Over the past several weeks my placement has gained momentum and gone through several stages. Once we had the datasets we needed it, was time to build and train a model to best identify varying types of tree mortality.

Mucho Mortality Dataset

The leaders at Salo created early-stage mortality datasets for large areas of California using LiDAR tree hight in conjuncture with high resolution NAIP and Rapideye spectral data. We decided our next step would be to improve the irregularities and inconsistencies in these datasets and get one, really beautiful, dataset to describe forest mortality in Sierra National Forest. Firstly, I worked to assess the agreement between the NAIP and Rapideye datasets. I found that the NAIP data had higher success in identifying mortality within forested areas on the scale of individual tree crowns, but struggled to identify larger areas of dead trees from old fires or beetle outbreaks. Fortunately, the Rapideye dataset was more successful in these areas (Photos below).

Mortality dataset comparison: Tan = both live, blue = NAIP dead RE live, green = RE dead NAIP live, red = both dead

NAIP True color image of above mortality agreement comparison .

Model Selection

Once we had a pretty good mortality dataset that we felt described dead trees with high confidence, we took it a step further and masked out the ground (yeah, the ground) using California LiDAR data. This gave us a treecover map for California which was used to define the sampling boundaries for our model. The model I tested as a part of my contribution to the larger project was developed by Dr. Phil Brodrick. The EcoCNN model applies a convoluted nerual network (CNN) machine learning approach to ecological applications. CNNs are particularly useful when identifying biophysical characteristics with unique spatial orientations. The basic idea behind a CNN is: parse through a feature dataset (spectral bands) with corresponding response dataset (binary dead/live tree) and record the feature signals at the response sites. Then, basically scramble these signals with various filters (convoluting them) and identify any patters that arise before then un-mixing them, continuing to look for patterns. This scrambling/filter application is done based on hierarchal patterns in data architecture and was inspired by the way our neurons interpret the stuff we see!

Overall, the CNN constructed models did pretty well. With relatively little input and parameter tuning, we were able to improve consistency in the mortality datasets. Initial applications of the model significantly under-predicted mortality, but this was improved after applying the treecover sampling boundaries to the feature datasets and increasing the sampling size when training the model.

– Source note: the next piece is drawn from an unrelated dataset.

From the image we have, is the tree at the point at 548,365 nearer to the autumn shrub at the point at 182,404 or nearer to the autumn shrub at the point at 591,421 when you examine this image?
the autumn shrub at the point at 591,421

EcoCNN output example where the entire extent is labeled with the confidence each pixel is a dead tree. Darker reddish colors indicate higher likelihood of dead tree pixels.

So, now what..?

Great question. During this last few weeks I’m hoping to scale these improved mortality datasets up to Sentinel-2 and Landsat-8 resolutions. Once this happens, we’ll be able to assess and compare different spectral patterns associated with conditions of tree physiology and do so throughout various stages of mortality. Meaning lots of cool data visualization (pretty pictures and graphs).